If you only tuned in to tonight’s episode of Bachelor Pad because of the over-hyped live Dancing with the Stars “press conference” to announce the new season’s cast (did anyone see any members of the press? I didn’t.), you may have found the roster reveal a little disappointing. I however, did not. After being made to suffer through nearly ninety minutes of Bachelor Pad’s tired old plotting, catty remarks, hysterical ranting and romantic dialgoue so clumsy Joanie and Chachi would opnely snicker at it, I was, for the first time in my life, happlily relieved to actually see Bristol Palin’s face on my television set.

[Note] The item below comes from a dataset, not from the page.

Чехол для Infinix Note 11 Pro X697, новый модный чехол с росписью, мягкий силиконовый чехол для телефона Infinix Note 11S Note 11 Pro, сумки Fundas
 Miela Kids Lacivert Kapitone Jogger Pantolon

Yes, Bristol assumes the Dancing “I have no idea I’m being laughed at” slot most recently vacated by Kate Gosselin. The only way selecting her would have been anything other than completely tasteless and desperate would have been if Levi Johnston had been announced as one of her competitors. Not only would people across the country have turned each week’s episode into an absolute event (“Teen Mom vs. Moose Cock.. there can be only one!”), but little baby Tripp would have been spared the chore of having to repeatedly explain the complex mechanics behind his See ‘n Say “Counting with Mickey” pullstring toy to mommy and daddy for a few weeks in the fall.
But… there will be no War of the Wasilla Roses. What a missed opportunity.
But getting back to Bachelor Pad… last week, Cowboy Wes was singled out as the next one “heading for the chopping block,” a phrase the jacuzzi-going guys and gals on the show seem very fond of using, outshined only by, “There’s a target on my back!” and “No, no. I got that from swimming in a public pool!”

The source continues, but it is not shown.